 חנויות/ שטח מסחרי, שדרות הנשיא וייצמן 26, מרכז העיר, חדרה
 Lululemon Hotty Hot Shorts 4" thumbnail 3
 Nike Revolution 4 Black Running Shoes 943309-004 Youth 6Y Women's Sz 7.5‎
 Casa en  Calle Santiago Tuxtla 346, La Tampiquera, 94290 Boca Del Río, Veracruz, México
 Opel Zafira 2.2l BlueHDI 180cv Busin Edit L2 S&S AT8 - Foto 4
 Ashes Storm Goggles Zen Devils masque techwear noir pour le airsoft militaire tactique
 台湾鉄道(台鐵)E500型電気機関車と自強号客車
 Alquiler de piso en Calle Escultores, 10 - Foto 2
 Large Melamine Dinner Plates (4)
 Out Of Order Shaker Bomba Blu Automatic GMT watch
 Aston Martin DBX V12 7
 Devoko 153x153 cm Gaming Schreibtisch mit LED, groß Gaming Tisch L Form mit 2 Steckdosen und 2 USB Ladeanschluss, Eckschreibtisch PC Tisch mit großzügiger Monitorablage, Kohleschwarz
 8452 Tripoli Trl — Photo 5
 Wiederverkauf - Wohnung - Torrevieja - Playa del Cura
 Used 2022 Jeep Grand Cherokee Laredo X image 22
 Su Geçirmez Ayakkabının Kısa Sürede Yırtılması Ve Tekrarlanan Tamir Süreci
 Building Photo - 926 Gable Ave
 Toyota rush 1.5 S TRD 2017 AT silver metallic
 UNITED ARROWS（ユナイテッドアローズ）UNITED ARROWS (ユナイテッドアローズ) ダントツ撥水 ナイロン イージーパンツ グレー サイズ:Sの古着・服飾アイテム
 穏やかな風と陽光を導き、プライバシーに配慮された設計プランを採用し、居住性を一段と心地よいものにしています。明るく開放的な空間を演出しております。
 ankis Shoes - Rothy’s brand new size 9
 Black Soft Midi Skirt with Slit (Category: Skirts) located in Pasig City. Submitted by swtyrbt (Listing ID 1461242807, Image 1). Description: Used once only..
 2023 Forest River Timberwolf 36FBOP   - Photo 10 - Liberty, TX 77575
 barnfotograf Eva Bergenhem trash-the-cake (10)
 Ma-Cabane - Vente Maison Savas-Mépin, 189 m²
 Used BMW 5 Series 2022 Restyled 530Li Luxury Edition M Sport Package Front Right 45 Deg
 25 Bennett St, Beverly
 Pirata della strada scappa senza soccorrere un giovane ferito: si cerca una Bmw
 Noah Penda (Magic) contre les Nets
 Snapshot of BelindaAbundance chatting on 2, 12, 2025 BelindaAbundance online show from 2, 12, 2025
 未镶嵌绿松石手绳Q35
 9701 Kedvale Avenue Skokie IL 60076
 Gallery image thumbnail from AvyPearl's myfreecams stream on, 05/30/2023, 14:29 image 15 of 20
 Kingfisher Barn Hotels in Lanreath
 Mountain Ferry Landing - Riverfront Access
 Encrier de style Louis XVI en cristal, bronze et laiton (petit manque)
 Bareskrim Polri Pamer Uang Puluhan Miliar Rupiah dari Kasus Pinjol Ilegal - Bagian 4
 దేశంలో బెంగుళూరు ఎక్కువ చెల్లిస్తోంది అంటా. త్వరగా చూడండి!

◆ **WHAT THE EXERCISE ASKS**
What lines of the preceding data include the string "from"? Pull them out.

◆ **YOUR SOLUTION**
 Snapshot of BelindaAbundance chatting on 2, 12, 2025 BelindaAbundance online show from 2, 12, 2025
 Gallery image thumbnail from AvyPearl's myfreecams stream on, 05/30/2023, 14:29 image 15 of 20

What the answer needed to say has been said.